Auto Racing is competitive racing using automobiles. There are as many kinds of racing as there are kinds of automobiles, with divisions for every age and type of wheeled vehicle. Every kind of car from the tiniest utility truck (Like the Daihatsu Midget) to full-size big rig tractors, both with and without trailers. Probably the world's most famous types of racing are drag racing, so-called stock car racing including NASCAR, GT/Grand Touring, F1, and rally racing.
There are forms of auto racing for all levels of involvement, both in terms of time and money expended. For example, the SCCA operates several divisions of racing including autocross in which one competes against the times of other racers, and one car is on a track at a time, as well as touring car racing, orienteering and off-road rallycross. In the lower divisions, the rules allow nearly no car customization, and very little safety gear is required.
At the other end of the cost spectrum we have the open-wheel Formula 1 (F1) Grand Prix racing series which follows a tradition spanning a century. The FIA Formula 1 series itself goes back fifty years. Cars themselves often cost many millions of dollars, and are created, maintained, and piloted by a crew of hundreds. Expensive racing events like Formula 1 are generally run exclusively by factory teams. F1 cars must be powered by a three liter naturally aspirated powerplant, and meet various restrictions on minimum weight and maximum dimensions. The engines themselves often cost in excess of $300,000, and competition is carried out on tracks worldwide. The first race known as a "Grand Prix" was held at Le Mans in 1906, and it has come to be associated with powerful cars.

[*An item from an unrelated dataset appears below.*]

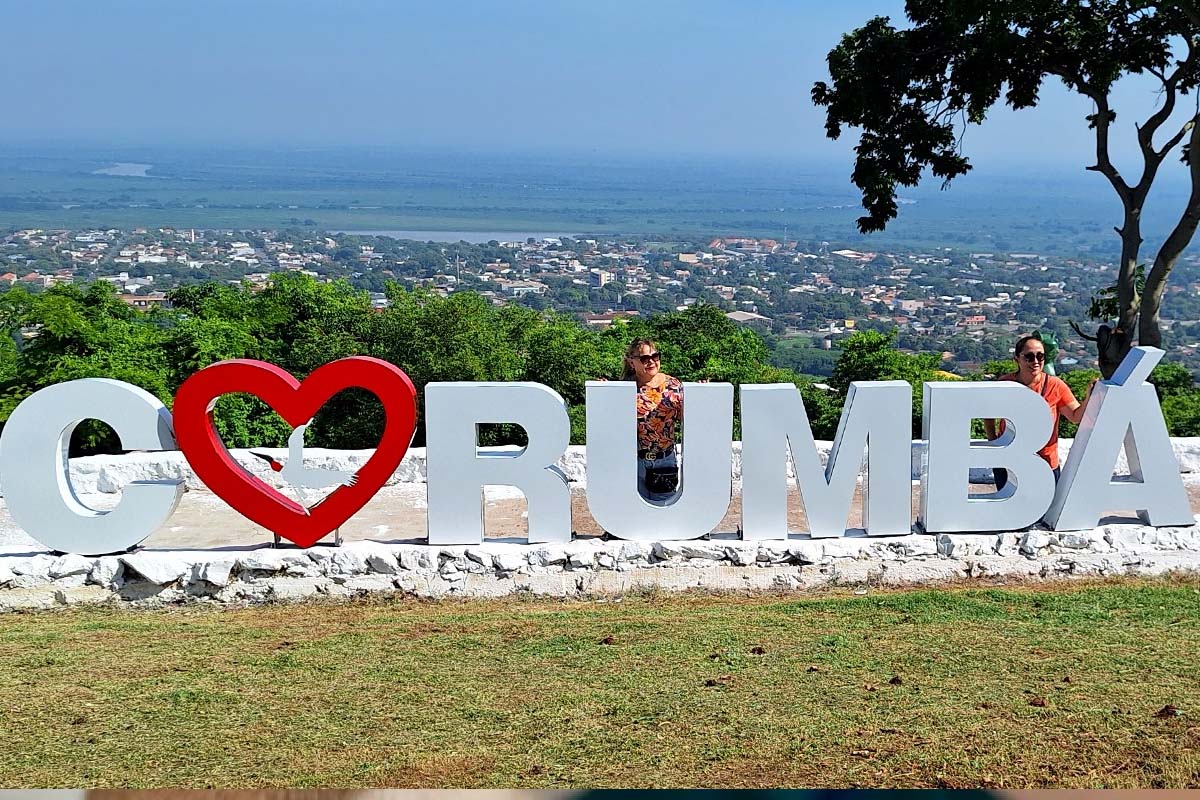 Você está visualizando atualmente Corumbá ganha letreiro turístico no Mirante Izulina Xavier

While most racing series attempt to group competitive cars together, through handicaps if necessary, none put more effort into it than stock car racing. The primary example of this is the IROC or International Race of Champions, an American race in which all teams drive cars engineered and tuned to be as close to identical as possible, putting all of the emphasis on the driver. Other racing series tend to use the addition of ballast weights and intake restrictor plates to control performance.
Not all racing is done on a roadlike surface. Many tracks in Rally racing are made of tarmac, but the majority of them are some combination of dirt, sand, mud, and gravel. One of the most famous rally races is the Pikes Peak Hill Climb, an exhibition race featuring the most highly designed and oddly constructed race cars you will ever likely see, including six wheel drive vehicles and off-roading semis. Without doubt, however, the best-known rally event is the World Rally Championship, or WRC. The world rally championship features four cylinder turbocharged cars with approximately 300 horsepower, running on and off road in countries throughout the world. Teams get three days to scout the course, which must be done in stock vehicles from the same manufacturer as the car itself. Teams get 20 minutes between stages to work on the cars, and only 45 minutes to work on them at the end of the day.

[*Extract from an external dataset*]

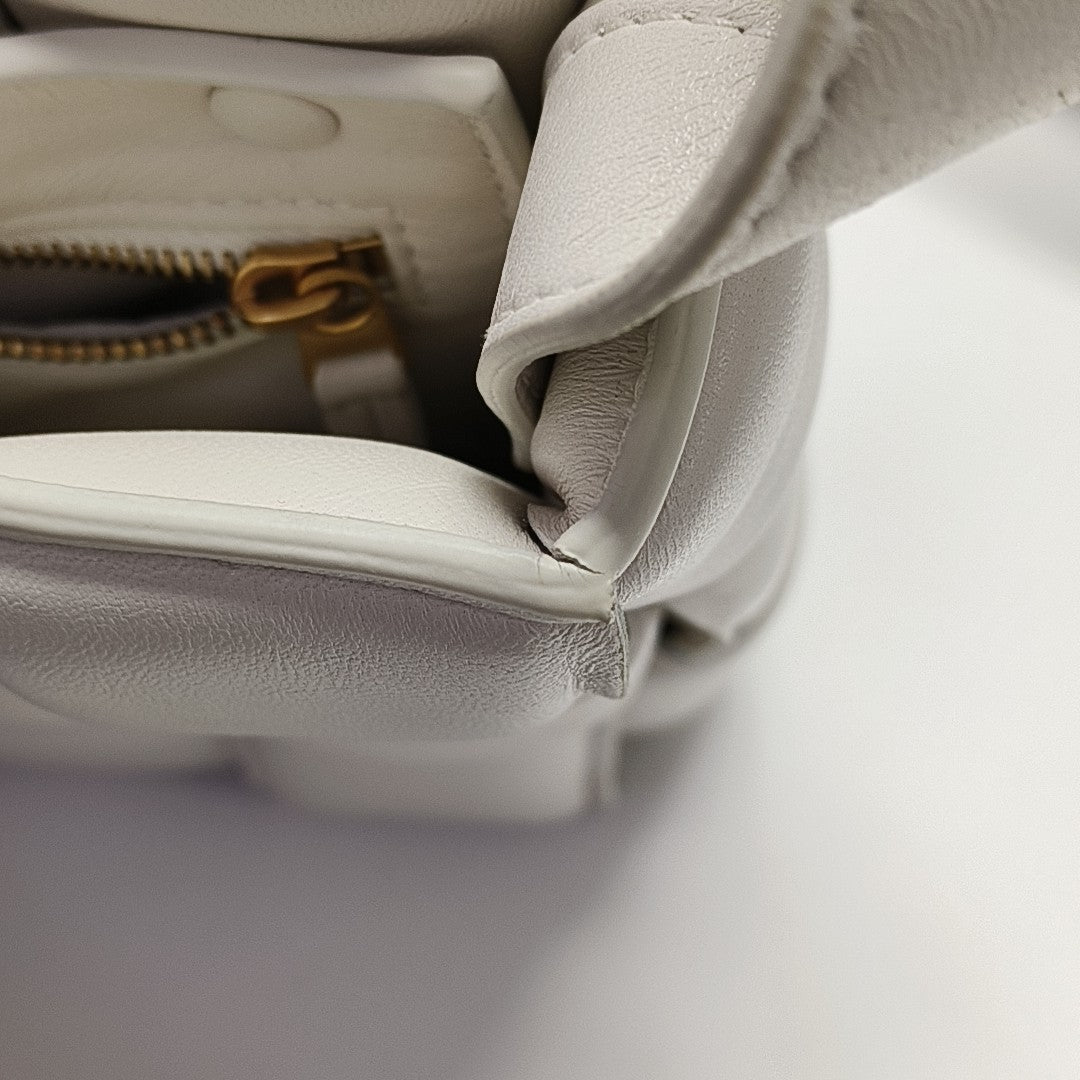 Cassette Medium Lambskin White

Drag racing is a direct competition of speed in a straight line. Vehicles used for drag racing can be of any type, but the kind we're most familiar with are dragsters, cars built specifically and only for drag racing. Top fuel dragsters run in the neighborhood of 6,000 horsepower out of a mere 500 cubic inches or so. The engines consume themselves rapidly in the course of racing, and must be rebuilt or replaced between events. Slower vehicles are generally placed in groups to keep them essentially competitive, though the point is generally to see who has the faster car. Still, all wheel drive vehicles have a distinct advantage over other cars, for example, and cars using nitrous oxide are generally in their own class.
There is a type of drag racing called bracket racing in which cars compete against their own time. Several trial runs are made to determine a baseline best time, and then drivers compete to see who can get closest to their best. This is probably the most common type of speed trial outside of professional competition.

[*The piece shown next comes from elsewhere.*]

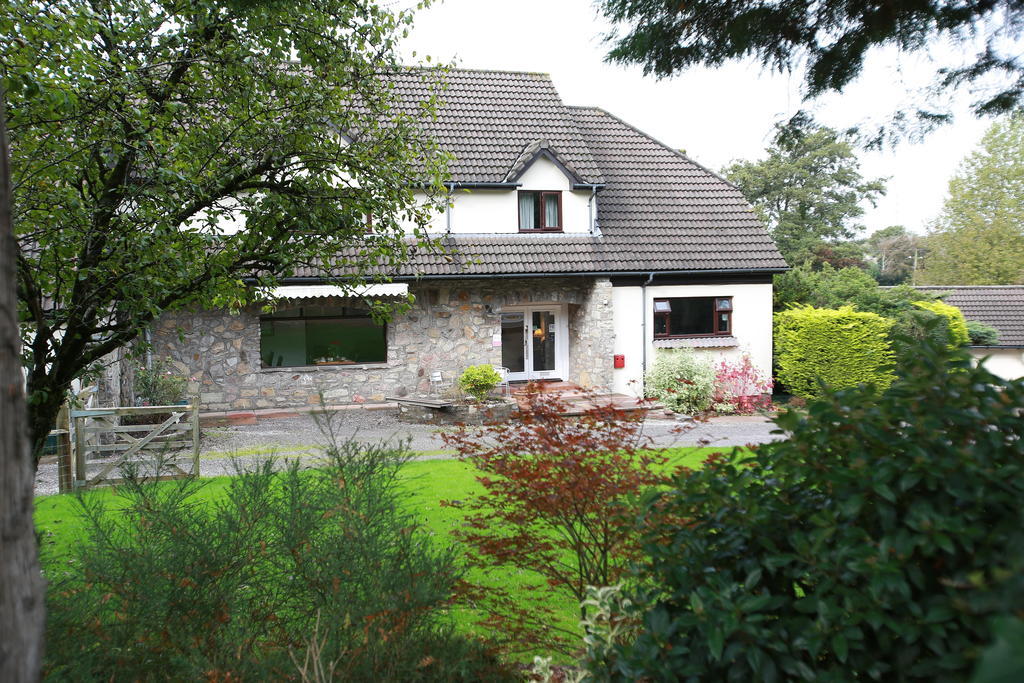 Ewenny Farm Guest House Bridgend  Exterior foto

Many people have been known to take part in illegal street racing, recently made excessively popular and in fact glamourized by the movie The Fast and the Furious. Whether in classic American muscle cars or highly tuned Japanese sports cars, street racing has always been a favorite past time of tuners and hot rodders. Of course, racing on open streets is quite dangerous, since you never know who or what you will find on the roads, and it is naturally illegal. If you get caught keeping time while driving excessively fast on the street, it is often considered "exhibition of speed" which carries serious penalties. Modern street racing is arguably more dangerous than what the hot rodders were up to in the fifties, since they were mostly looking for relatively deserted and quite straight strips of road upon which to drag race, whereas imports emphasize handling and that means twisty roads, though that is almost a whole different kind of racing - "canyon racing". Import street racers are just as likely to engage in an impromptu competition through the downtown area of your local metropolitan center or have a 100+ MPH highway battle in traffic as they are to pull a simple drag race in a quiet industrial area.
Auto racing is, to some, the ultimate competitive sport. It is faster, stronger, louder, and more dangerous than any other competition outside of war that is open to the average person. Drivers wear heavy protective gear, but for many it has not been enough. This risk does not dissuade those who hear the call of a sweet exhaust note wound way up high, because no rush is as strong as crossing the finish line first.